Jon Masters jonathan at jonmasters.org
Tue Sep 21 04:03:22 UTC 2010

On Mon, 2010-09-20 at 21:58 -0400, Arthur Pemberton wrote:
> 2010/9/20 Michał Piotrowski <mkkp4x4 at gmail.com>:
> > 2010/9/21 Toshio Kuratomi <a.badger at gmail.com>:
> >> As the concept of using third party repositories (both as packagers and as
> >> users) grows, this interdependence will grow.
> >
> > Ok, so maybe it's time to setup Fedora "backports" repo for these that
> > wants new and shiny Firefox 4, PostgreSQL 9 or whatever with big
> > number.

> What exactly is the fear here with these updates?

That they sometimes horribly break, change behavior (in any way), or
otherwise affect the smooth consistency of using a system and upgrading
daily, without actively discouraging upgrades for fear of breakage
(which is what Fedora has been doing for me, as an example). The fear is
also that people are not comprehending the difference between a released
Operating System Platform and a random collection of moving targets.

> Are there many
> desktop users who do NOT want the latest released Firefox?

Yup. I don't want it. I don't care about it and I'm uninterested in
having the latest version. I'd like the version I have currently
installed to get security fixes, but I don't want Firefox 4 on my
desktop system right now. I'll leave it on my development box running
rawhide and poke at it for testing, but I *DO NOT* want it released.

> Are there
> many people using Fedora as their OS for their database server?

If you mean does postgres matter, I've got an old non-Fedora box I'd
love to replace with Fedora, and it runs MySQL (amongst other things). I
can't replace it (using either database) until such time as Fedora has a
decent update policy though. So saying "nobody uses Fedora on the
server" is a sure fire way of perpetuating that sad reality.

I also care far more about server bits than I care about Firefox or my
desktop in general. I want a web browser, but I'll take any web browser
that works reasonably well enough.

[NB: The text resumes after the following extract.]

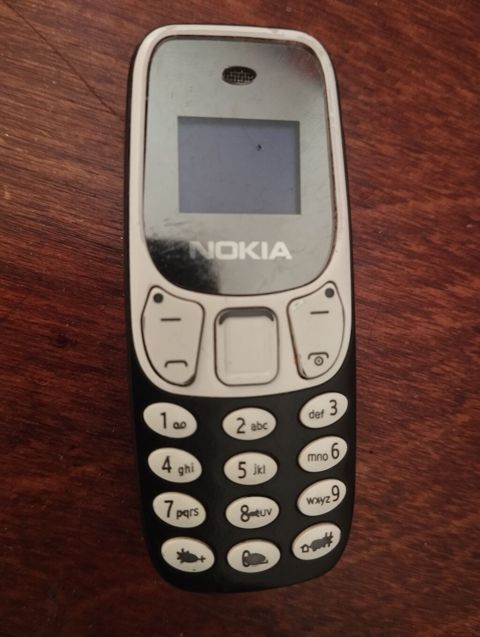 Nokia 3310, rəng - Qara, Düyməli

Similarly, I want a GUI of some kind,
but I don't care if it's enlightenment 0.17 if need be so long as it
doesn't ever change from one day to the next. I love the backports repo
idea. Ubuntu has been doing this for ages with their LTS releases, and
it's a nice way to pull in stuff like a more recent spamassassin without
having to upgrade the rest of the operating system, or change what works
out of the box in the default install path. So +1 to the idea in Fedora.